L’histoire de la realschule contient plus d’une sorte de leçon. Ce n’est pas du premier coup ni sans tâtonnemens que l’Allemagne est arrivée à placer à côté du gymnase un établissement parfaitement distinct et non moins complet, ayant un enseignement à part et poursuivant un but qui lui est propre. On fait d’habitude remonter jusqu’au XVIIe siècle les premiers essais de l’Allemagne en ce genre. Sous l’influence des écrits de Bacon, Amos Comenius (1592-1681), le dernier évêque des frères moraves[1], publia le plan d’un nouvel enseignement qui obtint une grande célébrité. Il s’agissait de substituer aux livres l’étude directe de la nature. « Ne demeurons-nous pas aussi bien que les anciens dans le jardin de la nature ? Pourquoi ne pas ouvrir ce livre vivant ? .. Ce ne sont pas les ombres des choses, ce sont les choses elles-mêmes qu’il faut présenter à la jeunesse. L’enseignement doit commencer par la vue des objets, et non par leur description en paroles.
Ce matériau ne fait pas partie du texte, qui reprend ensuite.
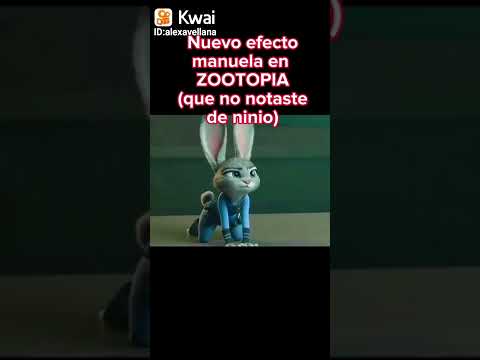 NUEVO EFECTO MANUELA EN ZOOTOPIA 😰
Si quelquefois les objets manquent, il faut au moins en présenter les images. » Il réalisa cette idée dans son Orbis pictus, ouvrage longtemps populaire, et qui encore aujourd’hui, sous une forme renouvelée, sert à l’éducation de la jeunesse. Les sciences physiques et naturelles devaient tenir dans l’instruction la première place. A côté du latin, la langue maternelle obtenait une plus grande part d’attention qu’on ne lui en avait accordé jusque-là. Toutes ces idées frappèrent vivement

  1. Son véritable nom était Komensky, du nom de Komna en Moravie, sa ville natale.